Material supplied:
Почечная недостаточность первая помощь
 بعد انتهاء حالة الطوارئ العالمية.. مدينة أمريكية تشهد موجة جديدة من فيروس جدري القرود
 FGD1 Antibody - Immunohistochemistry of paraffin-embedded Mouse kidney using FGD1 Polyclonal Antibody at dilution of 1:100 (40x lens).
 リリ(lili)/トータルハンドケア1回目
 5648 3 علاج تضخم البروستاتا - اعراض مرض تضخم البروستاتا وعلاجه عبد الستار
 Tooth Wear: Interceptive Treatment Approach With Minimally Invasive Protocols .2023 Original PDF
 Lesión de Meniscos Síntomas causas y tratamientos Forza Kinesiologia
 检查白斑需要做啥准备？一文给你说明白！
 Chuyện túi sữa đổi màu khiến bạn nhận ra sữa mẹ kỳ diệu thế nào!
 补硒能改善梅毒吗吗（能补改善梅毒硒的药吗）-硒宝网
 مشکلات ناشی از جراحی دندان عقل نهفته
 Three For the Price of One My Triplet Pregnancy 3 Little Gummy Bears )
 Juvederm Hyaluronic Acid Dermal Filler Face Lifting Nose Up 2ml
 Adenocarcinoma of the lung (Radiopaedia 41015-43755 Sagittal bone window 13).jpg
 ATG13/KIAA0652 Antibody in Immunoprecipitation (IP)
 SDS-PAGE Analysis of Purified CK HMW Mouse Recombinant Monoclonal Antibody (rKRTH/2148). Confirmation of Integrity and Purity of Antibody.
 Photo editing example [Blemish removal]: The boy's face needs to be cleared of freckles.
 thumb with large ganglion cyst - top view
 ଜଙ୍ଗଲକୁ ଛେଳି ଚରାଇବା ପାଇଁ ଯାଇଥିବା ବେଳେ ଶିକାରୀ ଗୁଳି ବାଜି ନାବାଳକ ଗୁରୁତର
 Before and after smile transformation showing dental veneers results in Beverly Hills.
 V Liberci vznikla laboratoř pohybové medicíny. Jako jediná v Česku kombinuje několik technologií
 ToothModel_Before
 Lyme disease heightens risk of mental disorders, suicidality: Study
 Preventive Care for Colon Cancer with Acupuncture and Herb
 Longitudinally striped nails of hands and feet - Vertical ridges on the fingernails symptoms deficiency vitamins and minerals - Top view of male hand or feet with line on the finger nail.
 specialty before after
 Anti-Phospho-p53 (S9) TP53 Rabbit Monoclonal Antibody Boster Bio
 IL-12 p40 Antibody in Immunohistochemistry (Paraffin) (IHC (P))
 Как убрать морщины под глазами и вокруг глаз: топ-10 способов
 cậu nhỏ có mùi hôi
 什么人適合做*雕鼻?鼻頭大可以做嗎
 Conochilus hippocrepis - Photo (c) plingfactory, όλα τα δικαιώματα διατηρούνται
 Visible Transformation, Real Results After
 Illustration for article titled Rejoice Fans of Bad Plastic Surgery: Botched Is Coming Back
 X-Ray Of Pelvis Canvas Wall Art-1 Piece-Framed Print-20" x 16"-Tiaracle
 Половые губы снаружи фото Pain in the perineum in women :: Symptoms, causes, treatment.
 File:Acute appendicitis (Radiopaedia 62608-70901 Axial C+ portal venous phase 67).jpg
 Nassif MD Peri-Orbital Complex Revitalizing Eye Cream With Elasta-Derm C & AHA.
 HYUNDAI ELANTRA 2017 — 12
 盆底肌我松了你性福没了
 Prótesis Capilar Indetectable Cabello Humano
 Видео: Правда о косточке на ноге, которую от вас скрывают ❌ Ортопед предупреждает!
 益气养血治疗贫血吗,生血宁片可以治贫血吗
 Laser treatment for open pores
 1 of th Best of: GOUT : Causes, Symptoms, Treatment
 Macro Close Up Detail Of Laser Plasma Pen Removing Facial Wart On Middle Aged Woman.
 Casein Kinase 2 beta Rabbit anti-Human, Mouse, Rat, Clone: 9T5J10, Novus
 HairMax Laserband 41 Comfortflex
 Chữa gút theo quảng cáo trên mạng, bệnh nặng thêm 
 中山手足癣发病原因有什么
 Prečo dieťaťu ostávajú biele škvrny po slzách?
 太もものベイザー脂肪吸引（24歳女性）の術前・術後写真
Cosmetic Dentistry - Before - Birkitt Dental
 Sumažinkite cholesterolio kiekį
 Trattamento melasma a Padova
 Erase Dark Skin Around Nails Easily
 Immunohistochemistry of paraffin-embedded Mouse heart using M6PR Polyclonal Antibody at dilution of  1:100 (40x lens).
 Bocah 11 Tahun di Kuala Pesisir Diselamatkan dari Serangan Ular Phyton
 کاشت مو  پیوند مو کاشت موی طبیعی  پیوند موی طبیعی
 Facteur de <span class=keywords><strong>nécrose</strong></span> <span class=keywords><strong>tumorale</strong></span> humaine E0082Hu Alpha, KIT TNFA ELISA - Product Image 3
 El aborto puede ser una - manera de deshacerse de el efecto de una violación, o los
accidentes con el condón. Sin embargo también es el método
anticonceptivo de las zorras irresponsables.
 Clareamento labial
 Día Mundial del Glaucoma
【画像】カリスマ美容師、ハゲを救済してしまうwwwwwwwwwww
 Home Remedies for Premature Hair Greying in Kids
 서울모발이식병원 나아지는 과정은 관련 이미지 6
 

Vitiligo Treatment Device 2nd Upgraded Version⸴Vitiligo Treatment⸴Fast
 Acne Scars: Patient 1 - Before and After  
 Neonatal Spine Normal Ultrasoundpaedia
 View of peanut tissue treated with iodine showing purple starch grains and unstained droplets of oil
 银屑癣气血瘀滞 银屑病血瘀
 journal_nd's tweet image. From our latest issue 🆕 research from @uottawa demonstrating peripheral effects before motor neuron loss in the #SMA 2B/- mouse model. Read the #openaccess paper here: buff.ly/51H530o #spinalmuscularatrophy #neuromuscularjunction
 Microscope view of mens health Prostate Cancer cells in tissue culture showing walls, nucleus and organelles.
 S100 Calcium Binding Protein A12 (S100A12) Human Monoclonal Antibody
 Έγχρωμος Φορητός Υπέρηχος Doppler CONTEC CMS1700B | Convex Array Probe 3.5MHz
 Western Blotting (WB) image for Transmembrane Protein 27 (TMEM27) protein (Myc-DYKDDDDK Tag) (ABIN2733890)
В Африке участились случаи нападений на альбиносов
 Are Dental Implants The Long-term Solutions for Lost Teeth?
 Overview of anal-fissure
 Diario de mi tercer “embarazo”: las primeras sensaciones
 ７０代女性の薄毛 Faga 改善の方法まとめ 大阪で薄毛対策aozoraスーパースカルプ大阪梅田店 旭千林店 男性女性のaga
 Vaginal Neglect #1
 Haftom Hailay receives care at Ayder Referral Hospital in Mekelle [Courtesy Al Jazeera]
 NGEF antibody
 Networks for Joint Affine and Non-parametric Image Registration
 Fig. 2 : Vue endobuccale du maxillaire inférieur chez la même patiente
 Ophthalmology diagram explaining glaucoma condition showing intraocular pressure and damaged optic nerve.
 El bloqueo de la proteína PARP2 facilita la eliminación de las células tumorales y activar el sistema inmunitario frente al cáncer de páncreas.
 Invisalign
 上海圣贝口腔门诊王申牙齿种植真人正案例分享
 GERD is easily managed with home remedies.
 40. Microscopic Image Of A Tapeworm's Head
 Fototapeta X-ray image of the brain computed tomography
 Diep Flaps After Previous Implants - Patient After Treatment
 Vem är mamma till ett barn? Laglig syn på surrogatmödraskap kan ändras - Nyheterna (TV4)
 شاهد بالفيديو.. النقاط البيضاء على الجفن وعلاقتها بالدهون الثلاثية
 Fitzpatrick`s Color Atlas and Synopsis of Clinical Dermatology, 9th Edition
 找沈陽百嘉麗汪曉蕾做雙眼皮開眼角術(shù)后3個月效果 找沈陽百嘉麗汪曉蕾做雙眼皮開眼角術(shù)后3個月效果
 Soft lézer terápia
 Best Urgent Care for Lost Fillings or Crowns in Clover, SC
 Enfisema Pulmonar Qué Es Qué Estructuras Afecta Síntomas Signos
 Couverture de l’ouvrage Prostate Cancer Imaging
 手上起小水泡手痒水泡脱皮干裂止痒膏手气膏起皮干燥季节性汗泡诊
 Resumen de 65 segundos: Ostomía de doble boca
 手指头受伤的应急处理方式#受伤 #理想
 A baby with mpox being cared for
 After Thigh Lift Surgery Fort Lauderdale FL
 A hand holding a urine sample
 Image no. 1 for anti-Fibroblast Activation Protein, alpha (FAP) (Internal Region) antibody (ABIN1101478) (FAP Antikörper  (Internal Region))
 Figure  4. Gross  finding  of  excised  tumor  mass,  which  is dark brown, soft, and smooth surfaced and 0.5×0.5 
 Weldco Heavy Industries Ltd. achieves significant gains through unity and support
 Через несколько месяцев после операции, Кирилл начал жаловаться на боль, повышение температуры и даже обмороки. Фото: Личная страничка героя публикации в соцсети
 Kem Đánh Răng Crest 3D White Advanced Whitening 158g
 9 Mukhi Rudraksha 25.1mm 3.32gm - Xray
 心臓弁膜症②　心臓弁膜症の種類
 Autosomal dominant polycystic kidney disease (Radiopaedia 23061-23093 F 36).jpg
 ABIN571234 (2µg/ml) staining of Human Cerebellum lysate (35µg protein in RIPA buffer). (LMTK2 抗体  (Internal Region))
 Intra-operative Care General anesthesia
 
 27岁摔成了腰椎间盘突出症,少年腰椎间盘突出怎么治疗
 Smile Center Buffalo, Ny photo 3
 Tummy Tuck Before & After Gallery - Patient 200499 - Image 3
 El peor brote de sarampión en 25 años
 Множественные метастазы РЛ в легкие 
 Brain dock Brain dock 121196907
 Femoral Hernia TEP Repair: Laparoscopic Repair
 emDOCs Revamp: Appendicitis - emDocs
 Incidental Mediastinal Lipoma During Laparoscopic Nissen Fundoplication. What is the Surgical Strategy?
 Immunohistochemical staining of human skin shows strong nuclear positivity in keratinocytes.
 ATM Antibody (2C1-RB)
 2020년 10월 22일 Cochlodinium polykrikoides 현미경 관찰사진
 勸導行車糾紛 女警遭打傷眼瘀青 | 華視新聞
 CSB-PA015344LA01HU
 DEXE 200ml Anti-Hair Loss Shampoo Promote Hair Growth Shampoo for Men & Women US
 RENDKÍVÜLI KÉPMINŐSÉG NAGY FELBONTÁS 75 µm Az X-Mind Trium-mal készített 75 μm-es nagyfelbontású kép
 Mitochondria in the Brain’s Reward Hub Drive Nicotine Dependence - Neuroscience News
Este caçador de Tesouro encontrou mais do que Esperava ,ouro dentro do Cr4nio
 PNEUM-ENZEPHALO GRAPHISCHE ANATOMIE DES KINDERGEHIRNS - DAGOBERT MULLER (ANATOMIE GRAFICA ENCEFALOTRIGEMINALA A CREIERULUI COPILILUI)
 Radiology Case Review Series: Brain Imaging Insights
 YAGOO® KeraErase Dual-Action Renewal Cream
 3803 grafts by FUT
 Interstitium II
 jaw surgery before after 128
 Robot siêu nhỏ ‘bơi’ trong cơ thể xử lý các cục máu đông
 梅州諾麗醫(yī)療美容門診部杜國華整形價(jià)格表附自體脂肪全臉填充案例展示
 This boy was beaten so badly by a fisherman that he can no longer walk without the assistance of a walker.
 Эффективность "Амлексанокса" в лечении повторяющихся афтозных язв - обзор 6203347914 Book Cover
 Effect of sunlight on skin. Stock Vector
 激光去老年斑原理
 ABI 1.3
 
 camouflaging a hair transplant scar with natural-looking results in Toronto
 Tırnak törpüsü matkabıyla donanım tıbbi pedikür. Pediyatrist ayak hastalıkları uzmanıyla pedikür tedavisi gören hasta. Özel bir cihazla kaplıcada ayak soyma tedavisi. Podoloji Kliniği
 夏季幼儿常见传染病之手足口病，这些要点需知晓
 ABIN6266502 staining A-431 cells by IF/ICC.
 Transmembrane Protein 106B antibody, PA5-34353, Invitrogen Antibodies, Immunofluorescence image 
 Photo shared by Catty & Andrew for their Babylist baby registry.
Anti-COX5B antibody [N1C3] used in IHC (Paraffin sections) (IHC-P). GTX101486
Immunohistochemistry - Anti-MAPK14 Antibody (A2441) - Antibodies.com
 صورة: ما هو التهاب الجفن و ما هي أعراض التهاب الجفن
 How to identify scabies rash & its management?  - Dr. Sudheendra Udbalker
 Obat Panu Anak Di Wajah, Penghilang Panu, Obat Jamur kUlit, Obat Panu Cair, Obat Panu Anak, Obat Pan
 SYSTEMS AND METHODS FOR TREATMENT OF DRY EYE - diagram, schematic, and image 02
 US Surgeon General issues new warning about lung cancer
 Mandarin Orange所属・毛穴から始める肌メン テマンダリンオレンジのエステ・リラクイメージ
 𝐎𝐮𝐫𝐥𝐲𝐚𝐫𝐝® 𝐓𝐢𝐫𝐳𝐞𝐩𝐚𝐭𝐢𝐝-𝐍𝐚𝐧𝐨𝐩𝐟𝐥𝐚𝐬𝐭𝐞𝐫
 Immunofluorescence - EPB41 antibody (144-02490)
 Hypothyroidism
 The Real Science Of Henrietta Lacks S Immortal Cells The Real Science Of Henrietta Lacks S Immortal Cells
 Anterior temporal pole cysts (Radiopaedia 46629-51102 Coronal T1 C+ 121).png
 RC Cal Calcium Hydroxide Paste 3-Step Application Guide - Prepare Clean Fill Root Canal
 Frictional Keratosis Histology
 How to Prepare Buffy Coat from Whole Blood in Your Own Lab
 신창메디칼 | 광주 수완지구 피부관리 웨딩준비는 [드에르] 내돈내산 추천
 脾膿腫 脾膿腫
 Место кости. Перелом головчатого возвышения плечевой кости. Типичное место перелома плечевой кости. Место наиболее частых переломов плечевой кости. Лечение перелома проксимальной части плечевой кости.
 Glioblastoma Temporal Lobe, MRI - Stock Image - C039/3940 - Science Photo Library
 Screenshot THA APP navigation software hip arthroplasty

What is required:
Copy each line above where the string "Lost" occurs.

Task result:
 Are Dental Implants The Long-term Solutions for Lost Teeth?
 Best Urgent Care for Lost Fillings or Crowns in Clover, SC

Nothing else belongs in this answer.